De qualquer forma, tive que sair. Equipei-me e escolhi o horário mais conveniente. Eram alguns quilômetros de caminhada que decidi encarar a pé, não arriscaria um táxi. Era um clima de fobia social já instaurado em mim que vinha à tona nas decisões mais simples. Queria evitar o contato, ser eficiente e prático nas minhas ações, uma tarefa por vez. Mas o trajeto foi doloroso. Foram dois quilômetros de inquietação e inconformidade. O comércio voltando precocemente às atividade estava lotado, apinhado de potenciais vítimas de uma nefasta necropolítica que faria Euristeu parecer um pai atencioso. Era o declínio da quarentena. Não um declínio no número de casos ou de taxas de mortalidade, mas um declínio moral, um egoísmo social, uma ignorância confusa com pitadas de sadismo.

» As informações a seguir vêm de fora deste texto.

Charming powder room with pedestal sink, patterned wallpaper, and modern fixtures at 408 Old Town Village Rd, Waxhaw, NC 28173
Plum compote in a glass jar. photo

O que diria Adorno se visse a cena que presenciei, não sei dizer, mas em algum grau se sentiria decepcionado. Aquele poderia ser o resultado de uma educação que deixou de questionar as bases da barbárie, uma falha estrutural da auto-reflexão crítica. Não era puramente ignorância inocente, mas uma negligência deliberada. A civilidade, segundo o que Freud evidenciou, é a causa principal das incivilidades. O mal-estar da cultura tangencia uma civilidade que não conhece e não respeita seus espaços sociais, objetificando os outros e menosprezando o seu papel como agente crítico no espaço público. Essa é uma das bases estruturantes de genocídios globais, como o holocausto e seus perversos campos de concentração. Adorno e seus pares, que lutaram para ver uma educação que questionasse e nos distanciasse da barbárie, se remexeriam no túmulo ao ver o que meus olhos não poderiam mais desver. Era triste e apavorante.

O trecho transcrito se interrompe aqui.